Let me also mention at once that this is not a series of lollipops disconnected from their context. Instead we get several long scenes with both chorus and other soloists, which is very valuable. The first excerpt is Berthe’s Mon coeur s’élance et palpite from Le Prophète. As in most of the great female roles there is a profusion of coloratura and Diana Damrau is in glorious voice. Robert le Diable from 1831 was Meyerbeer’s real breakthrough, and Isabelle’s aria contains one of his most memorable melodies. Alimelek, oder Die beiden Kalifen is an early work, written when the composer was just 22, but even then he was an accomplished musician. This is a World Premiere Recording, and even though it contains a fair share of coloratura the aria is also an agreeable listen.

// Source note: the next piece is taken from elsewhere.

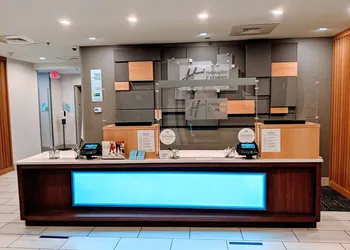 Holiday Inn Express South Burlington by IHG hotel thumbnail 4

During the early 20th century, when the gramophone record was still in its infancy, prima donnas like Luisa Tetrazzini and Amelita Galli-Curci turned to Catherine’s arias from L’Étoile du Nord to show off their fluent coloratura. The opera, from 1854, is partly based on a ten-year-older German-language singspiel, Ein Feldlager in Schlesien. The Air from the third act is certainly one of the most fiendishly difficult arias anywhere, and as often is the case in such repertoire the soprano has to combat with a flute – here even two, marvellously played by Julien Beaudiment and Cathrine Puertolas.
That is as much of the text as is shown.